Politics is not a video game

I’ve been playing video games since middle school, and the game I probably spent more time on than any other was Sid Meier’s Civilization (3 and then 4). In the Civ games, you play, well, a civilization, starting in the stone age and if you survive, potentially all the way through to the near future.

The Civ games’ style is intentionally charicatured, one of the most prominently incongruous elements being that you are represented in-game as a “great leader” of your civilization, plucked out of history, for thousands of years. If you’re playing India, you’re Mahatma Gandhi, be it 1000 BCE or 2000 CE, and there is no way in which Gandhi can die, be replaced, or anything of the sort.

Upon reflection, I once realized that this incongruity is actually coupled with another, deeper one. In the Civ games, all elements of your civilization represented in the game are under your direct control. You do not, actually, play Gandhi, but rather you embody the entire Indian civilization, deciding exactly what structures Indian cities will build, where Indian military units will go, and what form of government will organize Indian society.

More recently, I’ve often noticed that while this is obviously very far from how the world works, a lot of people seem to think about politics as if they actually do work this way, or something quite like it. “If you want to do away with the current system,” they ask, “what will come in its place?” — as though it’s as easy as opening the government screen, switching government type, and then watching your decision unfold. Or “well if you’re so critical of this government, what would you do in its place” as though it’s purely a question of what our great leaders will to be, not a process of negotiating multiple conflicting political interests.

In real life, one “plays” as a faction among many rivaling factions within a system of government, at best. More often one is merely an individual in a faction which itself is part of a broader faction (like a party or movement) vying for influence within a much larger political system. One’s decisions are never carried out automatically, even if one actually happens to be a popular head of state at the peak of their power with an obedient and well-functioning political party behind them. (This is even the case in the most absolute of single-party dictatorships.)

A realistic understanding of politics requires understanding that long before one’s vision can even begin to be implemented, presenting or representing this vision is itself a move on the political playing field. Each such move is met with reactions from other political players, potentially affecting their own program — a change which then can cause one to alter one’s own again, and so forth.

In other words, politics is a dialectical process. And dialectical processes are notoriously hard to wrap one’s head around.

However, it simply makes little sense to discuss real-world politics as though they were a video game where one can simply decide how things will be. Thinking seriously about politics — seriously enough to actually do something about it — means placing one’s positions, one’s condemnations, and one’s vision within an understanding of the political game.

A sweeping vision for society is a useful thing to have, but not because we will ever be able to hit that “change government” button and implement this vision. It is useful because it gives us an anchor in navigating political struggle towards some better situation. It is useful for garnering support and fostering a unity of purpose within our movement. It is useful because it gives us a context in which to answer more concrete policy questions. But it is absolutely horrific if we intend to implement it by the letter, which would necessarily require a violent dictatorship one way or another — turning it into everything we oppose.
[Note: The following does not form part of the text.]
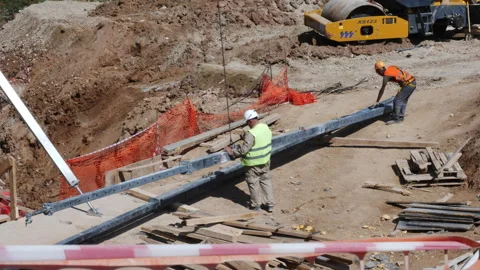 Builders control lifting of long metal beam with crane hoist Stock Footage 249182118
The ultimate outcome of emancipatory political struggle has to be decided by the masses involved in emancipating themselves. This is true in a local context like the decolonization of Palestine (one state? two states? three states? no state? the people living there have to decide) as well as a global context (what comes after capitalism? the people’s will, that’s what.) Any overarching vision has to be understood as a proposal for the consideration of the people, no more and no less.